Today is one of the days I hate living in Lakeville. Towards the end of the year, the weather conditions become extreme and it's something I've always dreaded but accepted because there's nothing I can do about it. But right now, I'm not going to sit here and wait for traffic to pass while someone I've quickly bonded so tightly with is getting laid to rest a few kilometers away.

"Okay," I say, grabbing my bag from the end of the seat. "I'm going to walk there if I have to."

Mum shakes her head. "I'm not letting you do that. It's freezing outside."

"I'm already late," I say, exasperated. I feel sick and my eyes are teary already. "I promised her I'd attend. And I let a stupid low delay me for thirty minutes before I could even function."

"That's not your fault, Jo and you know that."

"Well, I don't really care whose fault it is right now, mum," I grit, forcibly cleaning the tears that have leaked down my cheeks.
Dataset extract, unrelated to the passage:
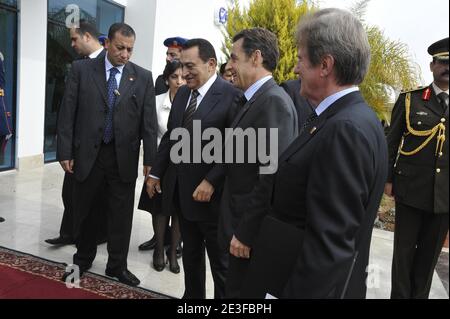 Der französische Präsident Nicolas Sarkozy wird von dem Minister für auswärtige und europäische Angelegenheiten Bernard Kouchner flankiert, der am 2. März 2009 im ägyptischen Ferienort Sharm el-Sheikh in Ägypten vom ägyptischen Präsidenten Hosni Mubarak vor der Eröffnungssitzung der internationalen Geberkonferenz zum Wiederaufbau des Gazastreifens empfangen wurde. Sechs Wochen nachdem die Waffen um die palästinensische Enklave geschwiegen haben, sollen die Geber, die sich in Ägypten treffen, Milliarden Dollar für den Wiederaufbau des kriegszerstörten Gazastreifens versprechen. Foto von Elodie Gregoire/ABACAPRESS.COM Stockfoto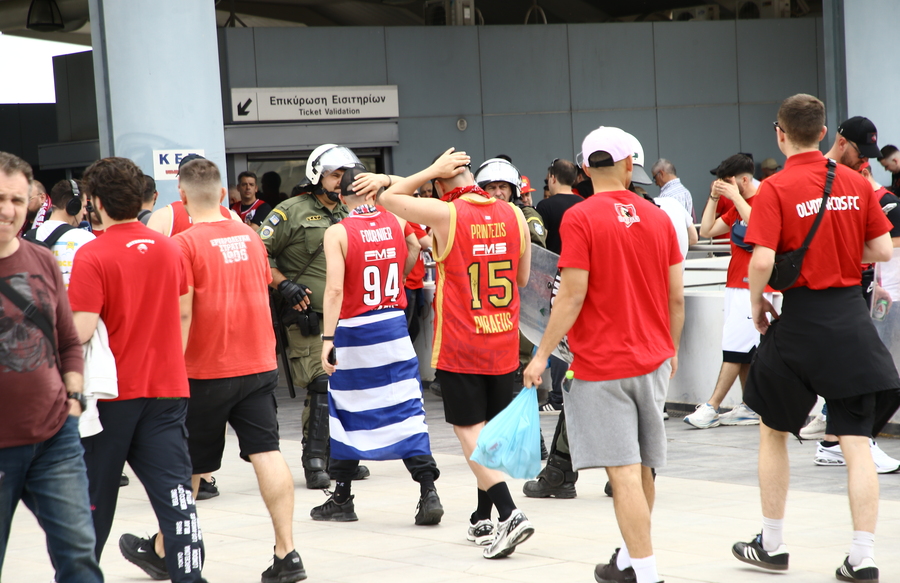 Final Four 2026: Ξεκίνησε η «ερυθρόλευκη» απόβαση στο T-Center (pics)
I'm rude right now but she'll forgive me later. "I just need to go and you're not going to stop me."

Drew looks back at me from the driver's seat. "Hey, relax, okay?" He says calmly. "Calm down. I know a short-cut that should take us there in a few minutes."

"Okay." I nod, pressing my hands against my face to stop the tears from running like a dam. Mum sighs and hands me a tissue and I accept it from her before using it.

"I'm sorry mum," I meekly apologize and she pats my hair gently.

"It's okay," she assures me. "And you're going to be okay."

It takes Drew a while but he eventually manages to maneuver his way out of the traffic jam before driving through an alley. I slump against the cushioned seats and lower my gaze to my folded hand-written speech. It's crinkled at the corners and there are damp spots every here and there as a result of my tears falling on it.

Drew parks behind a line of cars as soon as we get to the church and mum helps me out of the car like I'm handicapped. She won't let go of me and I know it's because of what happened this morning. She'd made it to Christmas even though she didn't expect that but I'd told her she was the strongest person I knew and then two nights after, at exactly 3:14 in the morning, I'd gotten a call from Flynn. He wasn't crying and he didn't sound mad. He just didn't sound like himself and even before he told me about Ellie, I'd already figured it out. I'd woken Drew up after that and he drove me to the hospital to confirm my suspicions.

For the past few days since we lost Ellie, I've almost not been able to comprehend it. Until, I woke up with a low this morning because I didn't take my insulin since I cried myself to sleep yesterday night and seeing the church standing right in front of me, makes it even more real.